Received: 19 March 2026
Accepted: 27 March 2026

Abstract

Extending local kinematic studies to earlier cosmic times is valuable to understand how galaxies evolve in relation to their dark matter haloes. In a series of papers on lensed kinematics, we seek to combine the sensitivity of 3D forward modelling to low signal-to-noise ratio outskirts with the enhanced spatial resolution provided by cluster lensing. In this first paper, we (i) present and validate our methodology, which directly constrains the source parameters by incorporating lensing deflections into the GalPaK^3D forward-modelling algorithm, and (ii) investigate the evolution of the stellar-mass and baryonic-mass Tully–Fisher relations (sTFR and bTFR) since z ∼ 1 as a demonstration.
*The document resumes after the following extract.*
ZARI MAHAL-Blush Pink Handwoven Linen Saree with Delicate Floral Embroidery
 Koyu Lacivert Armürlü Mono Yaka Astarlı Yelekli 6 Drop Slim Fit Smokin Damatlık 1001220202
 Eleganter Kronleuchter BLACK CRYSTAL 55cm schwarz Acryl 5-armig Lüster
We define a robust sample of strongly lensed star-forming galaxies (SFGs) from the MUSE Lensing Cluster survey, spanning magnifications μ = 1.4 − 12.4 and stellar masses M_★ = 10^8.1 − 10^10.3 M_⊙. Using a series of mock galaxies representative of our sample, we find that our method is significantly more reliable at recovering morpho-kinematic properties than approaches that ignore differential magnification, even for relatively modest magnifications (μ < 6). Restricting the analysis to 95 rotationally supported SFGs with well-constrained velocities, we find a significant evolution of the sTFR zero point (Δ b^sTFR = −0.42^+0.05_−0.05 dex in stellar mass) but no detectable evolution of the bTFR zero point (Δ b^bTFR = 0.00^+0.06_−0.06 dex in baryonic mass) relative to z ≈ 0. Our results are consistent with a mild evolution of the stellar-to-halo mass ratio and support the view that the sTFR has evolved only weakly over the past ∼8 Gyr, aside from shifts driven by the redshift dependence of halo-defining quantities such as the critical density and overdensity. The absence of detectable evolution in the bTFR zero point suggests that the increasing contribution of cold gas mass at higher redshift fully compensates for the evolution observed in the stellar component alone.